START Entries provided

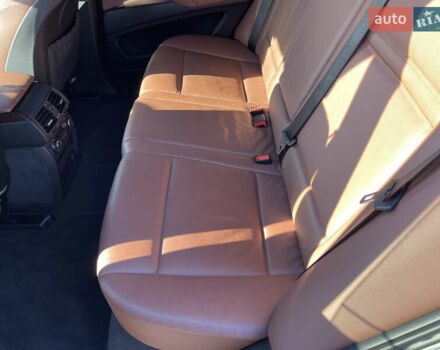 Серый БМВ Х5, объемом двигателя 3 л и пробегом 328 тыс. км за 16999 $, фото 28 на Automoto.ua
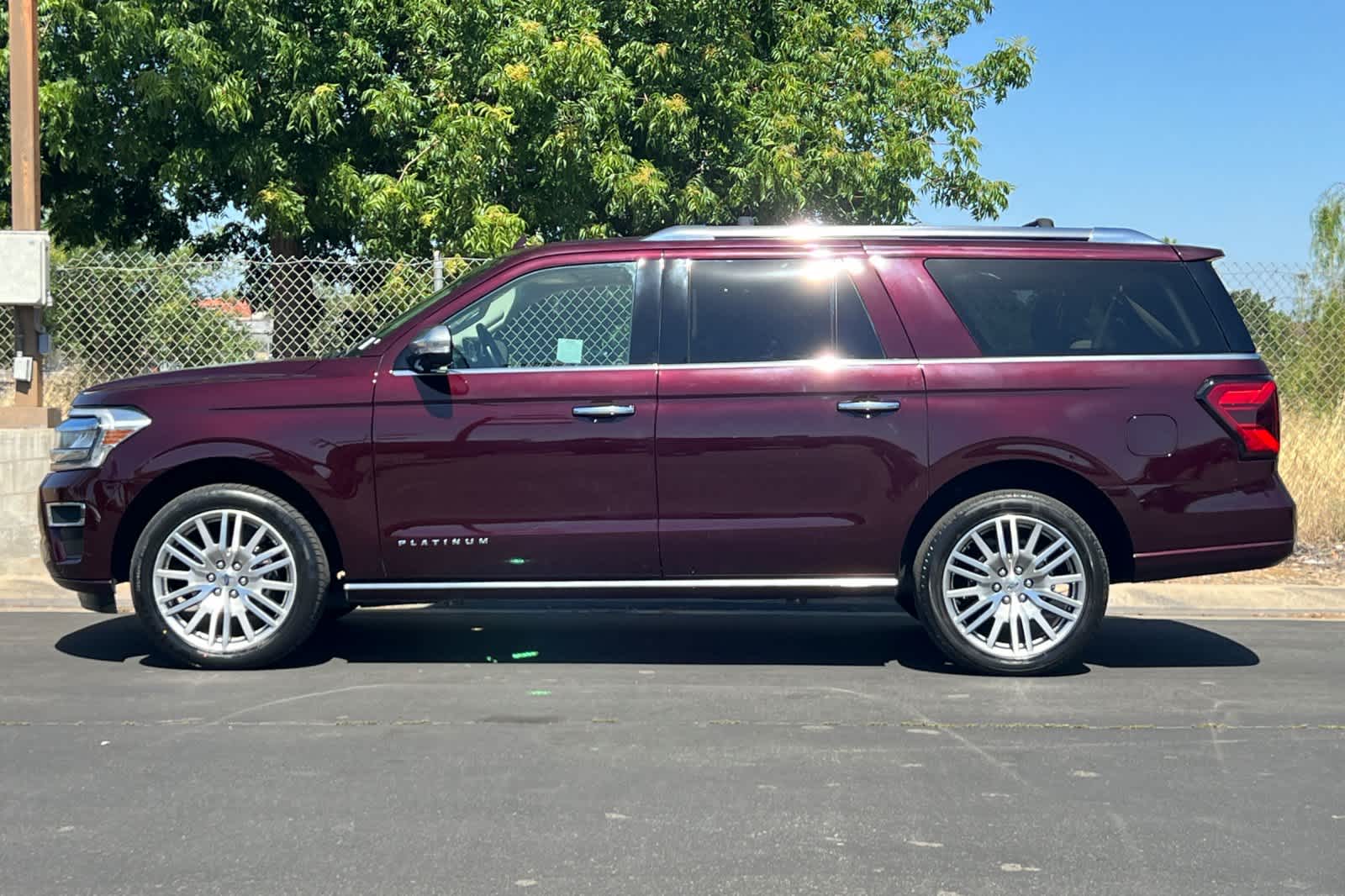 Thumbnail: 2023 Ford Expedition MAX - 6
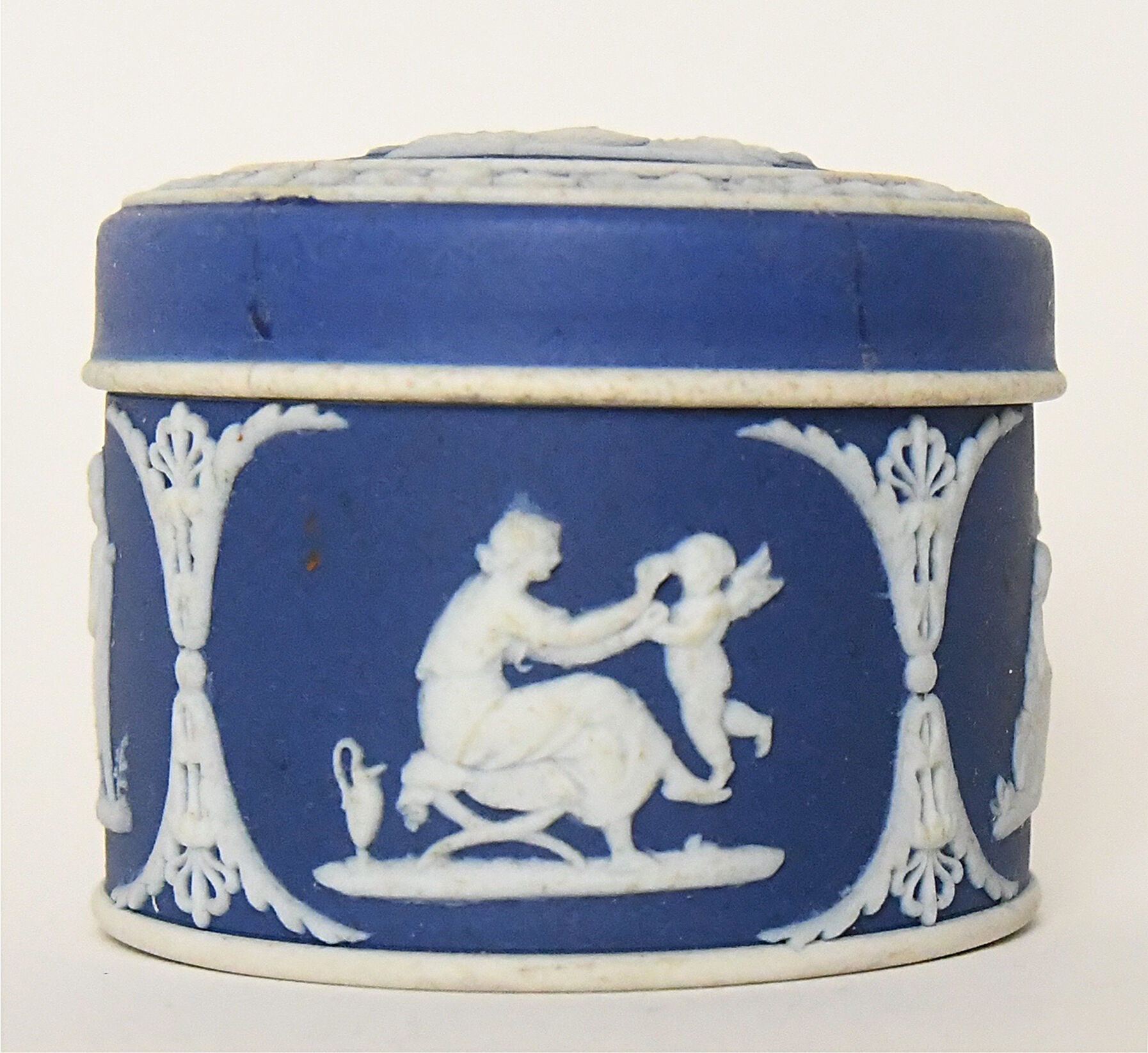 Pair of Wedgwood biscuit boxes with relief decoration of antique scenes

END Entries provided
START Entries provided

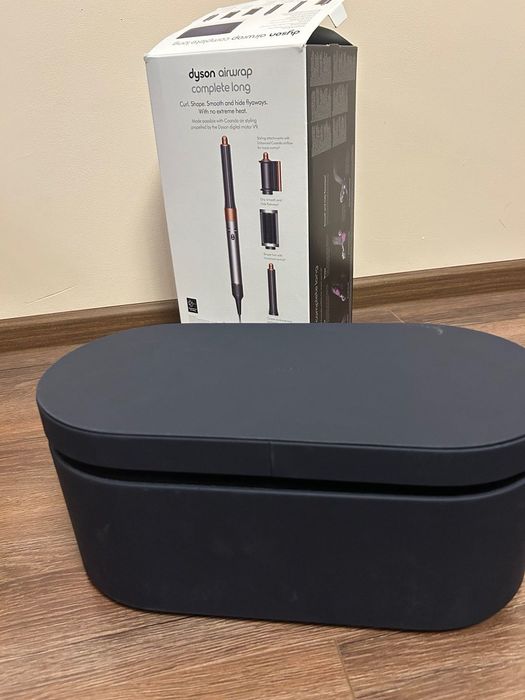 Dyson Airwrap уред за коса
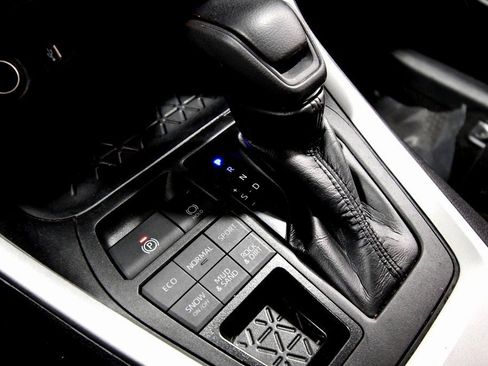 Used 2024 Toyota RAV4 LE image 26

END Entries provided
START Entries provided

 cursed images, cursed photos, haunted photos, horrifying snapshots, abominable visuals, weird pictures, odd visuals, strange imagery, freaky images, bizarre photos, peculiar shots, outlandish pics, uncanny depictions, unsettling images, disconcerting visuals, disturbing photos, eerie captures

END Entries provided

Task requirements:
No picture is to be printed. Output exactly the lines above from the line containing "Thumbnail: 2023 Ford Expedition MAX - 6" through the line containing "Pair of Wedgwood".

Completed task:
 Thumbnail: 2023 Ford Expedition MAX - 6
 Pair of Wedgwood biscuit boxes with relief decoration of antique scenes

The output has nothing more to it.